Strategic Service Institute: Is Your Firm Agile?
What does success look like in our fast evolving environment? If you are picturing only the service delivery that is currently wowing your customers, you might find rough road ahead.
“Companies and their leaders must be evolving one service while at the same time thinking about the next,” says Dr. Douglas Olsen, faculty director of the Strategic Service Institute at the Center for Services Leadership. “The key is to be agile and able to adapt in a strategic and thoughtful manner.”
The Strategic Service Institute, sponsored by the Center for Services Leadership September 16-20 on the Arizona State University campus, will cover the latest in service design and delivery and the characteristics of leaders who are successfully guiding their companies through change. Here are some highlights from a few of the speakers.
Engaging with new technology
R. Gary Bridge is the managing director of Snow Creek Advisors, LLC, and former senior vice president and global lead at Cisco Systems, Inc:
“The objective is to show business people – especially customer experience designers – how they can, with new technologies, create powerful customer experiences, learn about customers’ journeys, and coordinate the firm’s actions across these journeys. We will examine how the technology works and how it has created significant new value for customers and organizations. Technology is neither inherently good or bad; it all depends on how it is applied. So, we will consider the concerns that different applications raise. There are answers, but they require service designers to engage deeply with the new technologies. The SSI-2 course is a fast way to launch that engagement.”

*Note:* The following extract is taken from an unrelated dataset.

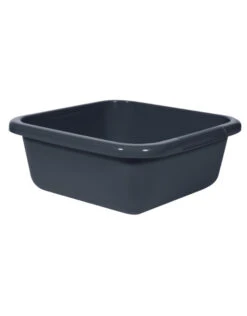 Curver Vierkante Bak Antraciet - 10L, 35cm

Reimagine the customer experience
Christopher Lee is clinical assistant professor of marketing and faculty director, sports business, at the W. P. Carey School of Business:
“Think about a recent professional sporting event that you attended. If you are like most fans, it likely involved driving to the game, parking, watching the game, and driving home. In short, driving and parking represent a significant portion of the consumer experience – which is unfortunate. As a result, fans are opting to stay home. The same applies to retail and other industries. How did we get here? How can we fix it? How can we reimagine the consumer experience and how consumers engage our brands?”
A model for change
Douglas Olsen, faculty director, Strategic Service Institute, and associate professor of marketing, W. P. Carey School of Business:
“This program is all about change. One of the key issues managers face is how to make these changes actually happen. We will walk through the key steps required to effect change — with a model that applies to virtually any context.”
High impact leadership
Suzanne Peterson is associate professor at the Thunderbird School of Global Management, a unit of the ASU Knowledge Enterprise:
“Possessing leadership qualities and displaying leadership behaviors are key requirements for any manager or individual contributor who wants to achieve success. However, much of leadership remains elusive, nuanced, and intangible. Our discussion at SSI is designed to address this ambiguity by providing you with a toolkit of tangible behaviors to ensure you are a leader who creates high impact in all areas of your professional and personal life. We will discuss what high impact leaders do differently and uniquely to achieve both results and loyalty and followership in relationships. Quite simply, we approach our discussion with the assumption that leadership is not a temperament, but a choice.”
Engaging customers for stories they won’t forget
Every touchpoint with your customer is an engagement opportunity to win or lose. As SSI wraps up, this session answers the question: You’ve just built this great new service innovation, now what? How do you communicate it to the world? What’s the one thing you need to tell to the audience you need to reach, and in today’s fragmented marketing landscape, how do you do it in a meaningful way? How do you cut through the noise and win moments of engagement that matter?
From award-winning marketing campaigns in his agency past life to his current experience scaling sales operations at Google, Jordan Haugan has spent the better part of the last decade helping brands engage with their customers in unique and powerful ways. In this session, Jordan provides examples of effective engagement strategies (from startups to Fortune 50 brands) as well as interactive activities to guide attendees through crafting their own impactful engagement strategy.
Learn from peers
Two modules comprise the institute: the first focused on service design and delivery, and the second on leadership. Olsen stresses that firms maximize results when they send working teams to both modules. One reason is the level of engagement among participants. “The caliber of discussion and the level of challenge participants face results in insightful discussions during the program,” Olsen says.